Accelerating Frames

What do we do if we happen to be in a non-inertial frame?

Linearly Accelerating Frame

a) A ball thrown sideways with an initial velocity $v_0$ in a non-accelerating ship/frame. b) the same trajectory from inside the accelerating ship. c) the same trajectory from out side the accelerating ship.

Inertial Observer

The external observer sees no acceleration in the motion of the ball

The external observer will see the ball move in a straight line. \begin{equation} L = T - U = \frac{1}{2}m \left(\dot{x}^2 + \dot{y}^2 \right) \end{equation} which when processed will lead to: \begin{equation} \ddot{y} = 0 \end{equation}

The observer in the ship sees something very different.

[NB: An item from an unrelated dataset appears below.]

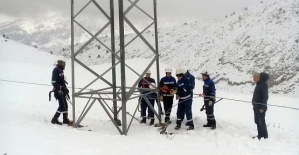 Dicle Elektrik’te Kış Mesaisi 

Let $\mathbf{r}$ be the position in the inertial (external) frame, and $\mathbf{r}'$ in the ship (non-inertial) frame. These can be related through the acceleration of the ship w.r.t the external frame: $a_s$: \begin{equation} \mathbf{r} = \mathbf{r}' + \frac{1}{2}\mathbf{a}_s t^2 \end{equation}

Velocities are likewise found to be (through differentiation w.r.t $t$): \begin{equation} \mathbf{v} = \mathbf{v}' + \mathbf{a}_s t \end{equation} and acceleration: \begin{equation} \mathbf{a} = \mathbf{a}' + \mathbf{a}_s \end{equation}

The non-inertial observer sees a new force: $\mathbf{F}'$

In the inertial frame: $\mathbf{F} = m \mathbf{a}$, or, considering the two frames: \begin{equation} \mathbf{F} = m \mathbf{a} = m \left(\mathbf{a}' + \mathbf{a}_s \right) \end{equation} or, considering a new $\mathbf{F}'$: \begin{equation} \mathbf{F}' = m \mathbf{a}' = \mathbf{F} - m \mathbf{a}_s \end{equation}

So, for observers inside the non-inertial frame: \begin{equation} \mathbf{F}' = \mathbf{F} + \mathbf{F}_\textrm{pseudo} \end{equation}

This observed force, $\mathbf{F}'$ is the sum of any real forces and the Pseudo-Forces created by the accelerating reference frame.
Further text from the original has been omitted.